Format: Executive readout (leadership). Final show & tell (full cohort — engineers present their own wins). Handover session with champions.

Impact report with before/after metrics Harness maturity assessment Executive readout Champion handover Rollout roadmap

What's left behind when we leave

The whole point of going narrow and deep is that the engagement leaves behind things the team can maintain and build on, not a report that goes in a drawer.

Deliverables that persist

AGENTS.md in the repo
Written for their codebase, not a template. Champions know how to update it as the codebase changes.

Custom commands for their workflows
Codex commands built around how this team actually works. Review checklists, test generation patterns, refactoring steps.

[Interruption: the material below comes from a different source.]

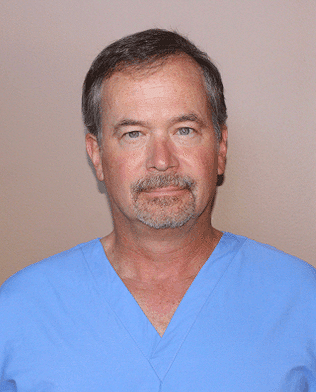 A man with a beard is wearing a blue scrub top.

Verification infrastructure
The agent can run tests, check its own output, and get feedback from CI without a human in the loop.

Champions who can maintain it
2-3 engineers who understand the harness, can extend it, and can onboard the next team without us.

Baseline and comparison metrics
Before/after DORA metrics so leadership can see the impact and make an informed decision about scaling.

A rollout roadmap
Which teams should go next, what foundations they need first, and what the ongoing harness engineering work looks like.

The deliverables are the point.

If the only thing that leaves with us is knowledge, the engagement failed. Everything we build should be committed to the repo, documented for the champions, and usable the day after we're gone.

Open questions and risks

What if no team passes the screening?

If the codebase foundations aren't there — no tests, broken CI, tangled architecture — the honest recommendation is to fix those first. That could be a separate, shorter engagement focused on test coverage, CI reliability, and codebase structure. It's not a Codex engagement yet. It's getting ready for one. We should be prepared to say that.

Where does this sit as a proposition?

This isn't Human Productivity with a different audience. The buyer is different (CTO / CIO / Head of Engineering). The metrics are different (DORA, not task completion). The work is different (repo configuration, verification infrastructure, delivery pipeline analysis — not prompt training).

It's an engineering engagement that happens to be about AI adoption. The closest analogy is DevOps transformation or platform engineering — you're changing how the team delivers software, not just giving them a new tool.

The tool question

This engagement is built around Codex — that's what OpenAI is asking partners to deliver. But the harness engineering principles are the same regardless of which agent is running. AGENTS.md works for Codex. CLAUDE.md works for Claude Code. The verification infrastructure, the custom commands, the review pipeline — all transferable. That's a strength for the client (they're building a capability, not a vendor lock-in) and it's honest to say so when asked.